It is advisable to pay proper attention to (a) the plain sense of the policy wording, which may all require a different approach to the same set of facts and (b) the facts of each case. “In practice, average adjusters are required to produce equitable and practical solutions based on the facts of individual claims and the theoretical difficulties endemic in the topic are generally settled by agreement with underwriters.” (Mr. Donald O’May)
Readers are reminded that the “Longchamp” case where the Court of Appeal has reversed the 2014 High Court judgment is coming up for trial in the Supreme Court.
(Editor: Raymond T C Wong Average Adjuster)
A vessel with bulk cargo on board under one bill of lading grounded and tugs were engaged to refloat her but then the limited information available would be sufficient to substantiate that the vessel and the cargo were in position of peril and it was suggested that the vessel could have been refloated under her own power after a period of time.
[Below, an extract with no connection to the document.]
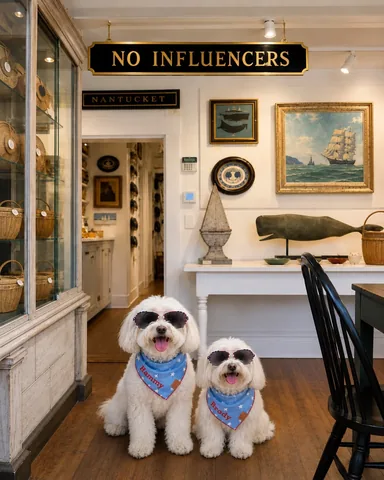 hammyandbrody Instagram post about Dog travel humor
What would you suggest I (the Ship-owners) can do to protect my interests?
For the expenditure to be considered as general average all the properties in the adventure must be at risk and not merely one interest. It does not appear that the facts as known at that time were sufficient to help make a judgment as to whether the expenditure would fall to be general average (to be shared by all the properties in the adventure) or sue and labour charges (to be paid by Hull & Machinery Underwriters subject to the cover). It is certainly a border-line case. I would suggest that firstly check the terms and cover of the insurance on the ship to see if there is a General Average Absorption Clause that may adequately cover the expenditure involved. In absence of such cover and if time allows, you should approach the Hull & Machinery Underwriters (through Brokers) with a view to persuading the Underwriters to accept liability for the relevant costs on the basis of them being Sue & Labour. The last resort would be to proceed with the collection of general average security from the concerned in cargo in view of the fact that only one bill of lading is involved – preferably with the agreement of Hull Underwriters in the circumstances to bear the cost of collecting security (which would unlikely be much) if at the end of the day when the full facts of the casualty proves that this is a case of Sue & Labour.
What obligations as to seaworthiness does a ship-owner have under a time policy on ship subject to Institute of Time Clauses – Hulls 1/10/83?
The ITC-Hulls 1/10/83 (which specifies that the insurance is subject to English law and practice) do not mention the word “seaworthiness” / unseaworthiness and Section 39(5) provides as follows:
“In a time policy there is no implied warranty that the ship shall be seaworthy at any stage of the adventure, but where, with the privity of the assured, the ship is sent to sea in an unseaworthy state, the insurer is not liable for any loss attributable to unseaworthiness.”
So, the law does not imply that the vessel, at any particular time, shall be seaworthy. However, where the vessel was unseaworthy, and the unseaworthiness contributed to the loss/damage, and the Assured was aware of the unseaworthiness, the Underwriters are not responsible for the loss/damage.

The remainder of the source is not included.